What you return must be the data below, word for word, without any images.
----
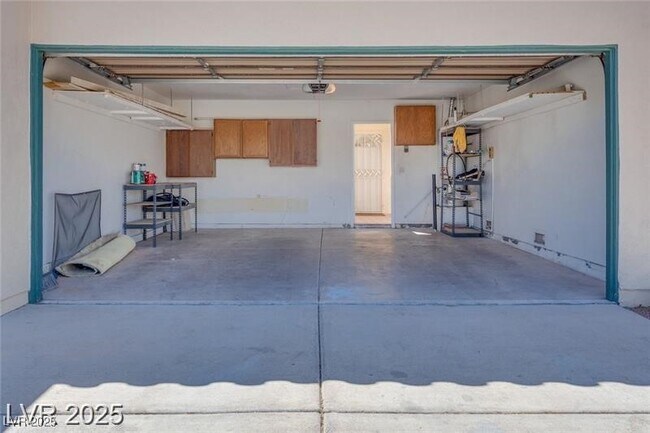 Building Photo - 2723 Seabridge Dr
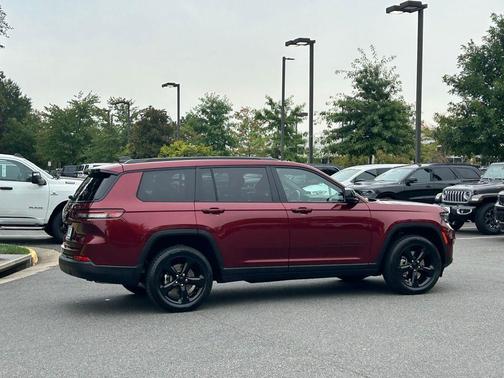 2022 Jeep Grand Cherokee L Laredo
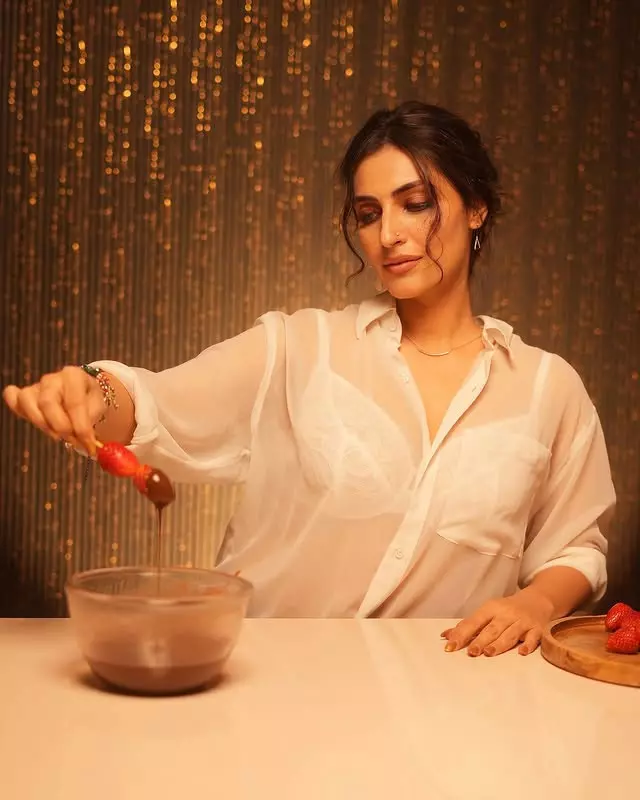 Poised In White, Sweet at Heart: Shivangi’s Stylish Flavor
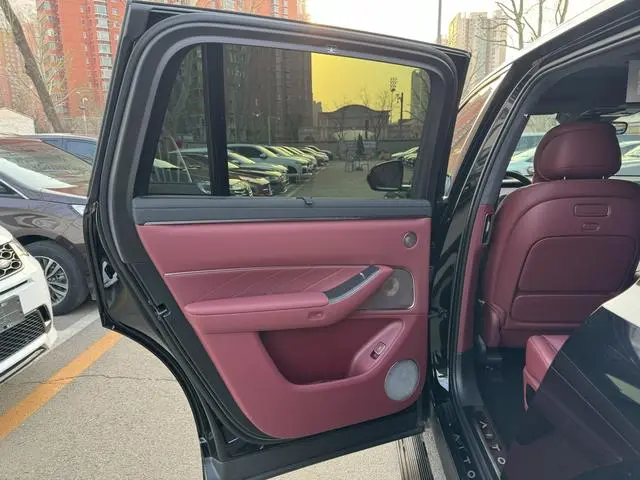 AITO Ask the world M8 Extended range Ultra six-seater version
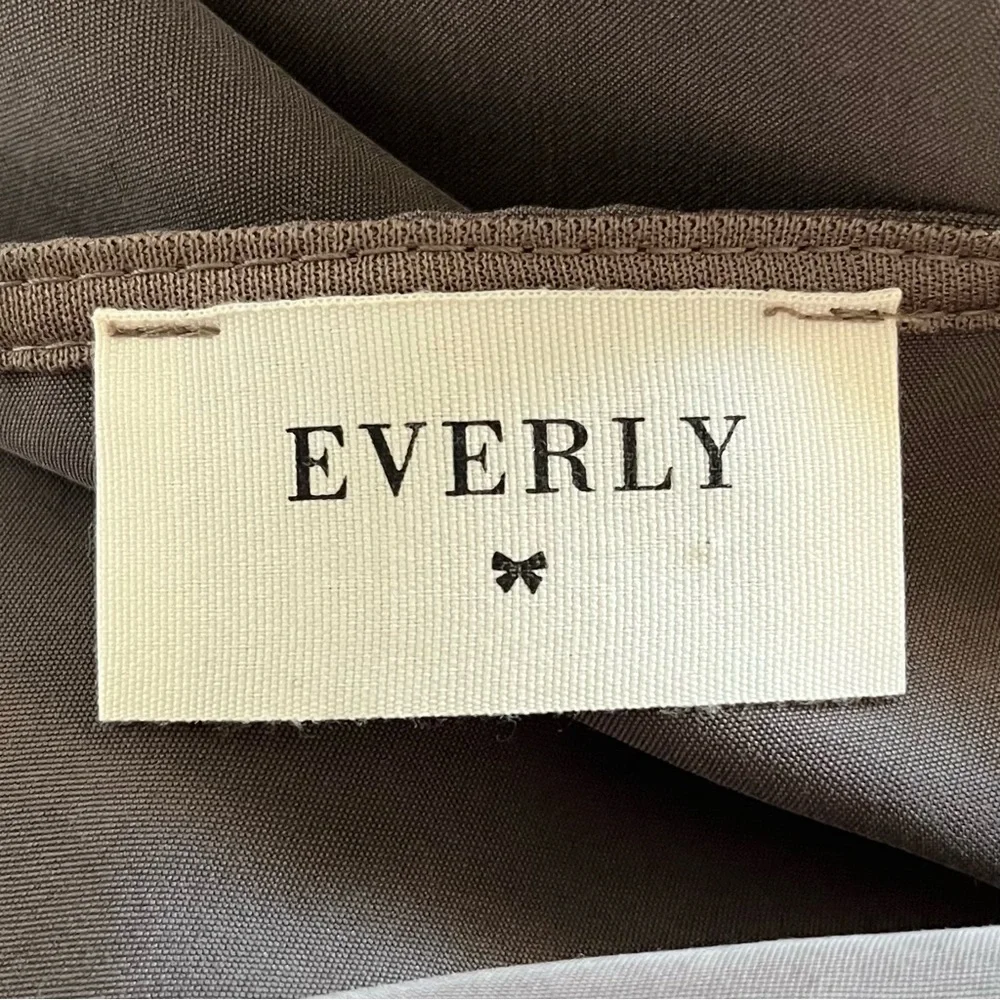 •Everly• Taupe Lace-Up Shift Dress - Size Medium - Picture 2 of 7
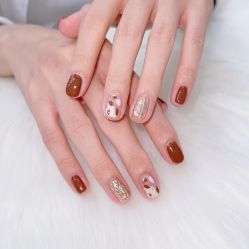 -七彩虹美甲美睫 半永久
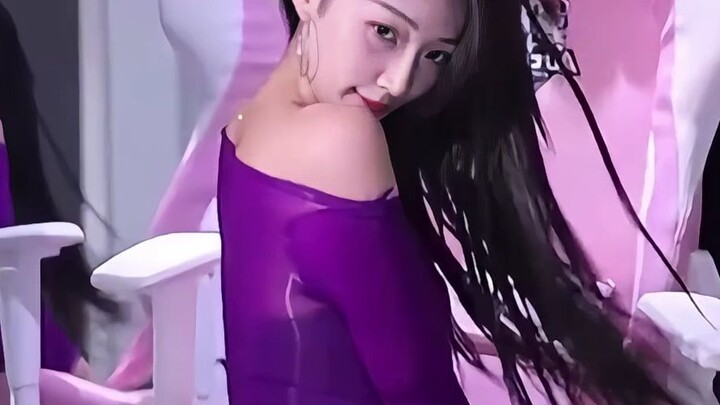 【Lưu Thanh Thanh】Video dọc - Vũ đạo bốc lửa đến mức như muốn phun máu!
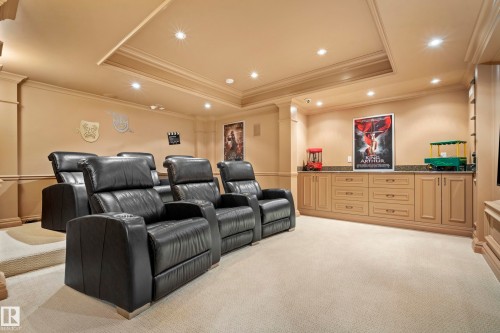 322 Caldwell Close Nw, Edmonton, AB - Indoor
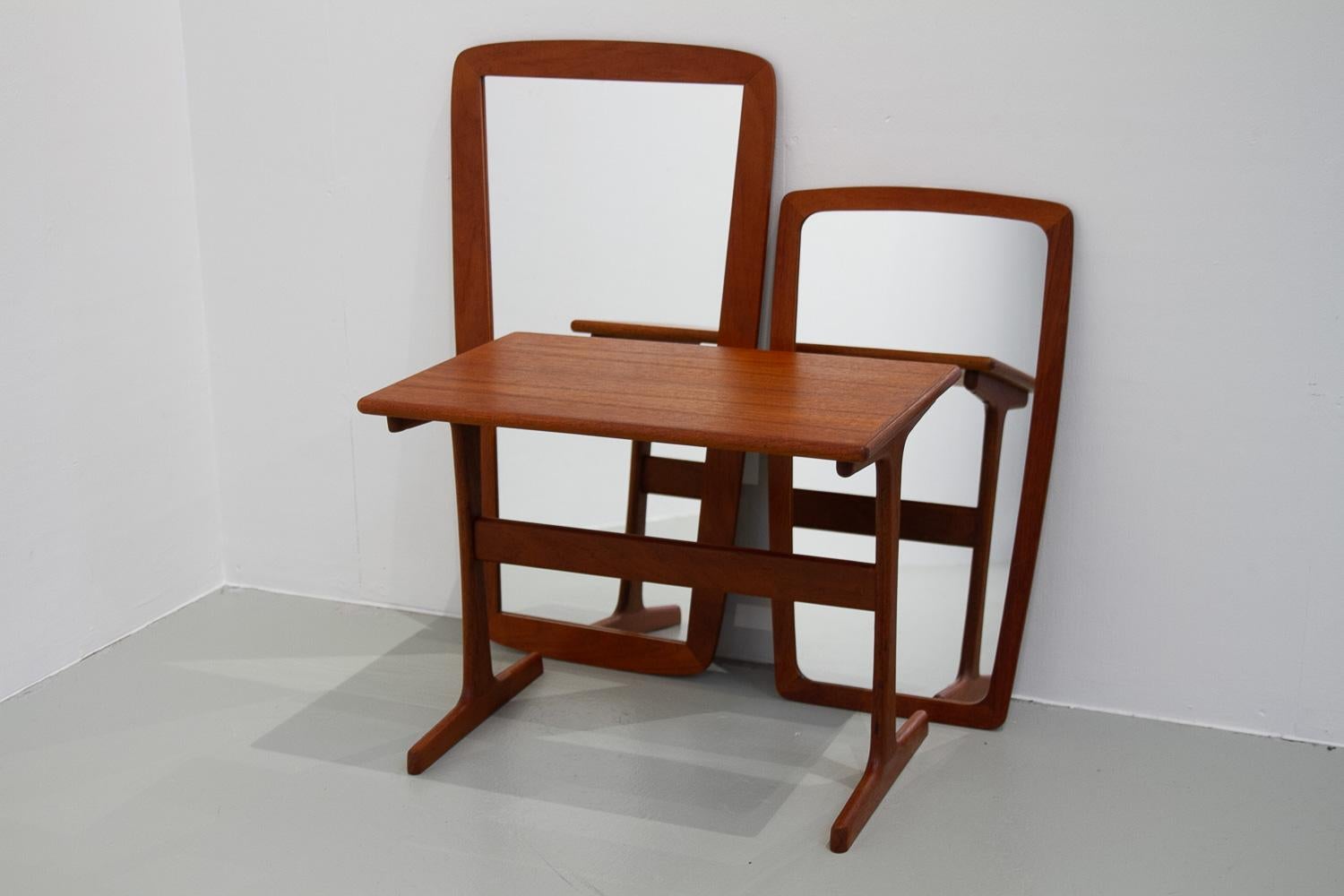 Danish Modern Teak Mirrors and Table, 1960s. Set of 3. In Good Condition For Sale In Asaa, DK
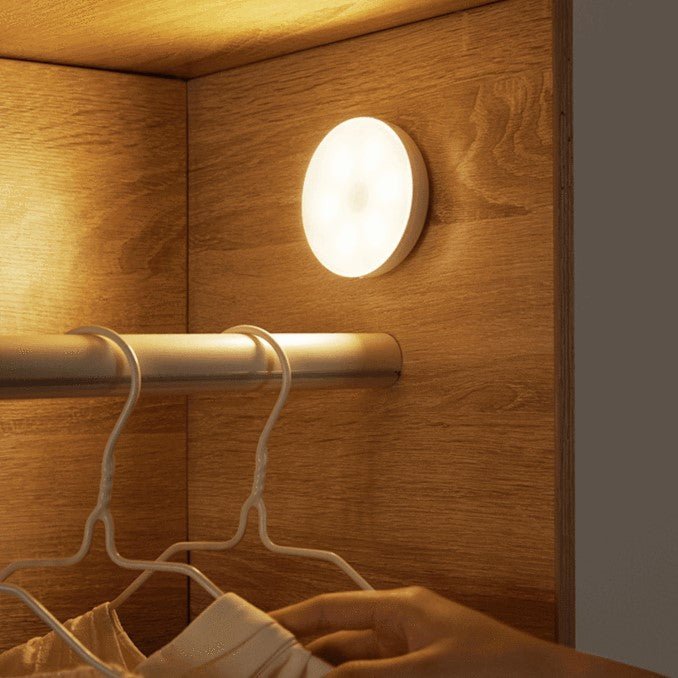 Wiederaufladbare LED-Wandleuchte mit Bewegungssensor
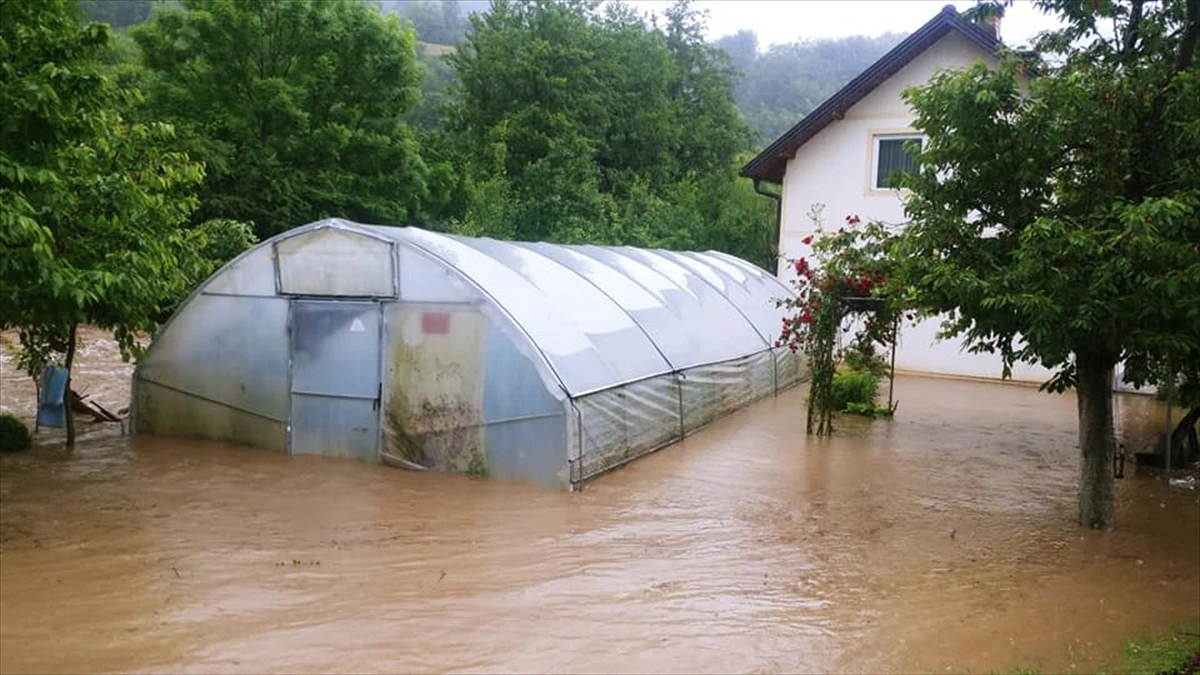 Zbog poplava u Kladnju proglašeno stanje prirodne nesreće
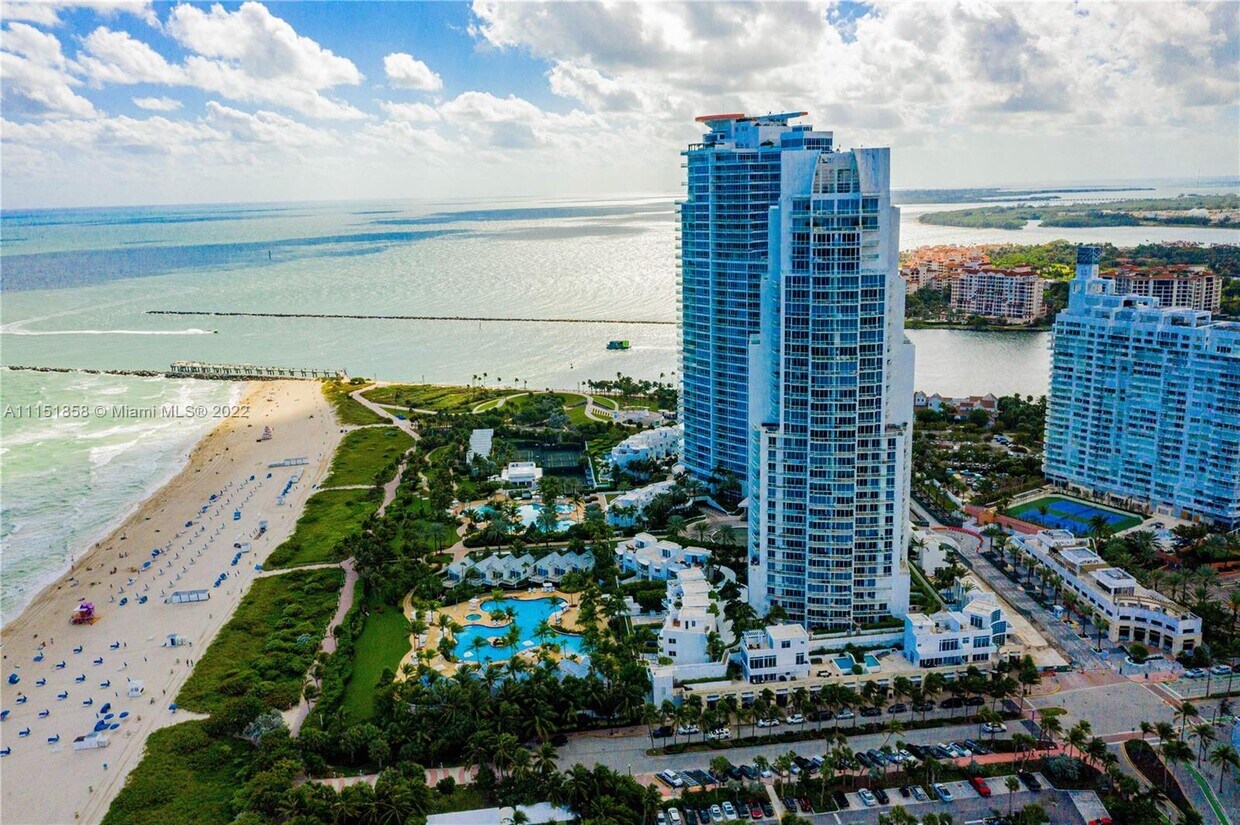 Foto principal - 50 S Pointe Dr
----
## Output of the task
 Building Photo - 2723 Seabridge Dr
 2022 Jeep Grand Cherokee L Laredo
 Poised In White, Sweet at Heart: Shivangi’s Stylish Flavor
 AITO Ask the world M8 Extended range Ultra six-seater version
 •Everly• Taupe Lace-Up Shift Dress - Size Medium - Picture 2 of 7
 -七彩虹美甲美睫 半永久
 【Lưu Thanh Thanh】Video dọc - Vũ đạo bốc lửa đến mức như muốn phun máu!
 322 Caldwell Close Nw, Edmonton, AB - Indoor
 Danish Modern Teak Mirrors and Table, 1960s. Set of 3. In Good Condition For Sale In Asaa, DK
 Wiederaufladbare LED-Wandleuchte mit Bewegungssensor
 Zbog poplava u Kladnju proglašeno stanje prirodne nesreće
 Foto principal - 50 S Pointe Dr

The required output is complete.